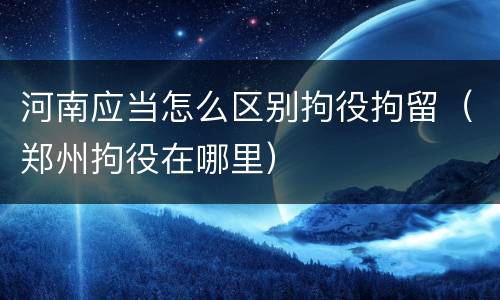 河南应当怎么区别拘役拘留（郑州拘役在哪里）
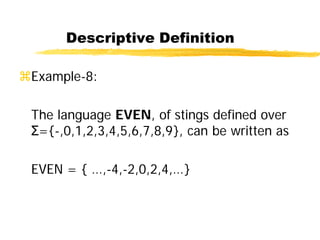Descriptive Definition
Example-8:
The language EVEN, of stings defined over
Σ={-,0,1,2,3,4,5,6,7,8,9}, can be written as
EVEN = { …,-4,-2,0,2,4,…}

> _Problem to solve_: What is needed is a word-for-word copy of the data above, free of any images.

> _Exercise solution_:
 河南应当怎么区别拘役拘留（郑州拘役在哪里）
Descriptive Definition
Example-8:
The language EVEN, of stings defined over
Σ={-,0,1,2,3,4,5,6,7,8,9}, can be written as
EVEN = { …,-4,-2,0,2,4,…}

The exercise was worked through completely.